VRAM usage with amp

Question

VRAM usage with amp

Zarxrax opened this issue 7 months ago · 8 comments

I have been testing the amp setting, and I am a little confused by the result I am seeing. With cutie's default settings, I see less vram usage when amp: is disabled. Only when increasing the max_internal_size do I get any vram benefit from enabling it.
Each test run was conducted following a fresh restart of the application.

For a short clip with only 79 frames, it used 2.5gb with amp: True, and only 1.8gb with amp: False.

For a clip that is 1888 frames in length, I left all memory settings at defaults except I increased the long term memory size, so that I can measure the memory usage without it getting purged.
With amp: True, the entire clip completed, but it ended up right at 12gb, which is the limit for my gpu.
With amp: False, the entire clip processed and ended up using 11gb.

With the longer clip again, I increase the max_internal_size to 720. This time I did see a huge benefit for amp: True.
With amp: True it was able to process 160 frames before coming to a stop due to being out of vram.
With amp: False, it was only able to process about 65 frames.

Taking the max_internal_size back down a bit, to 540
With amp: True I was able to process 1055 frames
With amp: False I was able to process 755

So basically what I am seeing, is at max_internal_size of 480 or lower, amp is harmful to vram usage. Then the more you increase max_internal_size, the more benefit that is gained from it.
Can you confirm if this result makes sense? I am not sure if it could just be something peculiar to my own system, or if this result is expected.

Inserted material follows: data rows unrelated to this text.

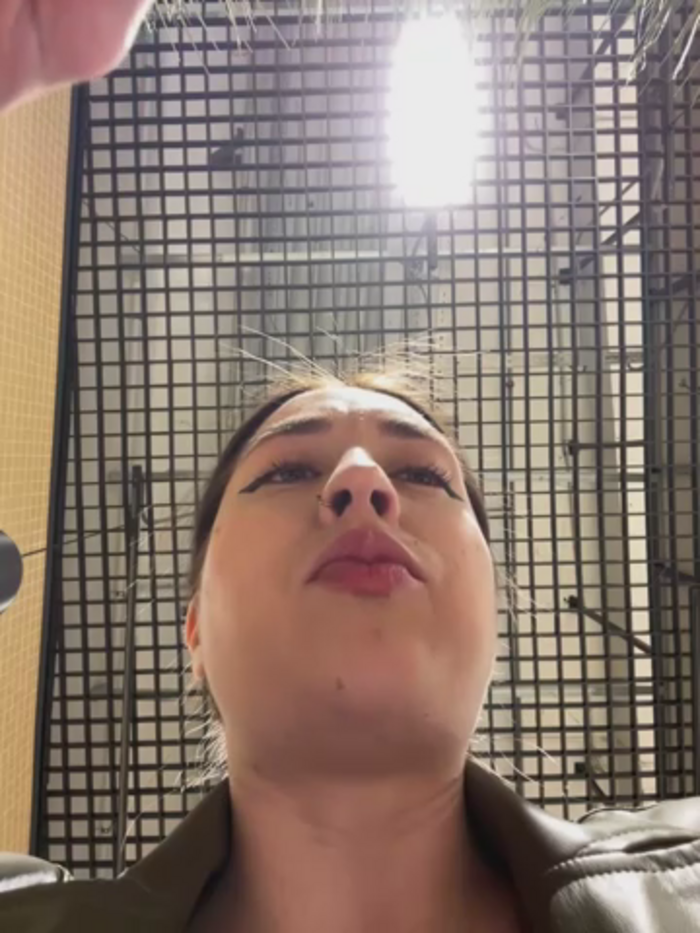 Holly_Play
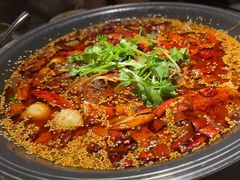 -麻六记(新天地店)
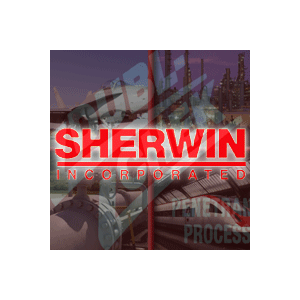 Sherwin, CP 1<br>White Contast Paint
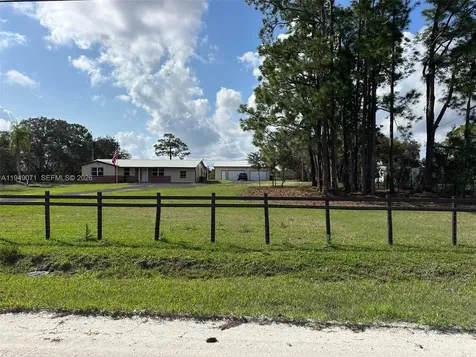 3709 Grand Concuorse Sebring FL 33875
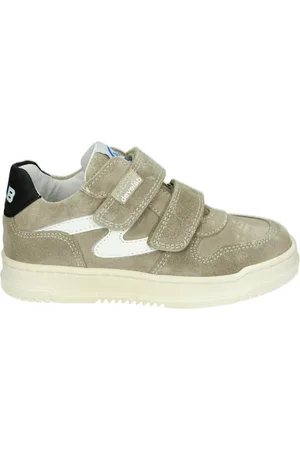 Develab 45265 - Lage schoenen - Kleur: - Maat: 28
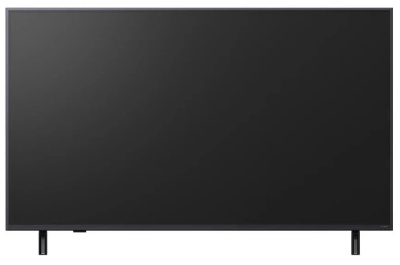 ��������� LG QNED 50" 4K 50QNED82A6B.ARUG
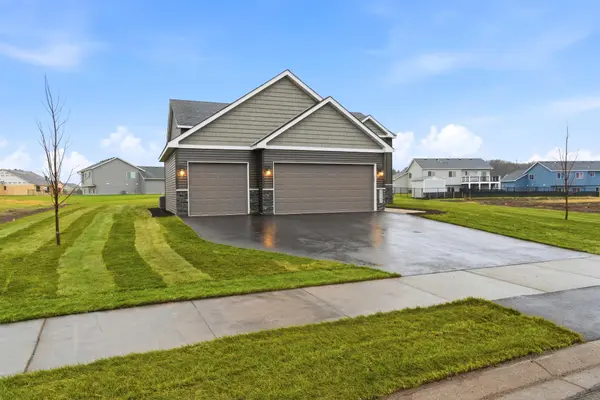15185 Laurel ST SE, Becker, MN 55308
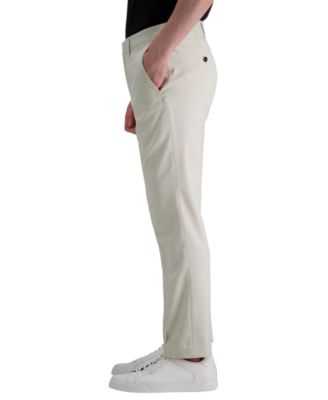 Men's Slim-Fit Stretch Dress Pants, Created for Macy's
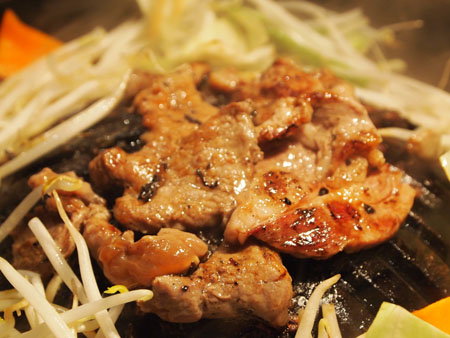 函館旅行~喰い倒れの旅・・・・その①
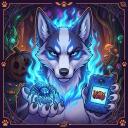 Server Icon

Answer 1 · 2024-02-19T16:47:05.000Z

Where are you viewing the VRAM usage from?

Answer 2 · 2024-02-19T16:50:07.000Z

The gauge on the right panel, gpu mem, all proc, w/caching.

Answer 3 · 2024-02-19T16:54:33.000Z

Yeah that's not an accurate measure of how much memory the program "needs". PyTorch aggressively caches, or takes more memory than it needs. The "torch, w/o caching" one is more important.

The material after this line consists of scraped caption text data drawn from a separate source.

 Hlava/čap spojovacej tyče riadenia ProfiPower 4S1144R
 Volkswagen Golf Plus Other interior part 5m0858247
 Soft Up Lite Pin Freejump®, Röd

Answer 4 · 2024-02-19T16:56:45.000Z

Alright thanks, I will review it some more.

Answer 5 · 2024-02-19T21:23:36.000Z

I guess I am having trouble understanding how the one w/o caching matters?

When the one w/caching fills up, the processing slows to a crawl. I believe cpu mode runs faster at that point. The one w/o caching displays such a ridiculously small number, I thought Cutie must really be using more vram than what it displays.
Can this cache be cleared using something like torch.cuda.empty_cache(), or will that also clear useful data out of the memory?

Answer 6 · 2024-02-20T06:52:20.000Z

Hmm I don't think I have seen that happen before. The program only has access to and is only using the GPU memory portion w/o caching. I cannot think of any reason for there to be a significant slowdown... In any case, it should either crash or continue running at the normal speed (swapping shouldn't be possible).

You can try torch.cuda.empty_cache() -- it is not going to purge any useful data. However I don't think it would help unless there is a PyTorch's bug.

Answer 7 · 2024-02-20T22:05:57.000Z

The only thing I can think of is that I am on Windows, so maybe it handles the cache differently than on Linux. I am using Pytorch 2.2.

I tried adding the torch.cuda.empty_cache() when the vram got full, and it seemed to work well. There was a short pause while it cleared the cache, then it continued processing the next frames.
With max_internal_size of 720, it initially had to do this every couple hundred frames, but after clearing the cache a few times, then the vram usage suddenly stopped increasing and it continued to process the remainder of the video without stopping again.
The gauge displaying gpu mem w/o caching never went above 2gb.

Back to my original question about AMP. I was able to have someone else who is also using Windows test it as well. They did not have the same findings that I did. They found that AMP consistently filled less of their total vram.
So I guess I will just leave AMP always turned on. With emptying the cache, I no longer having any concern with the vram usage.

Answer 8 · 2024-02-20T23:13:53.000Z

Glad to see that you have a working solution. Unfortunately, I am still not sure what is causing this problem.
Thank you for the detailed report and description -- future users with the same problem should find this issue of great help 😄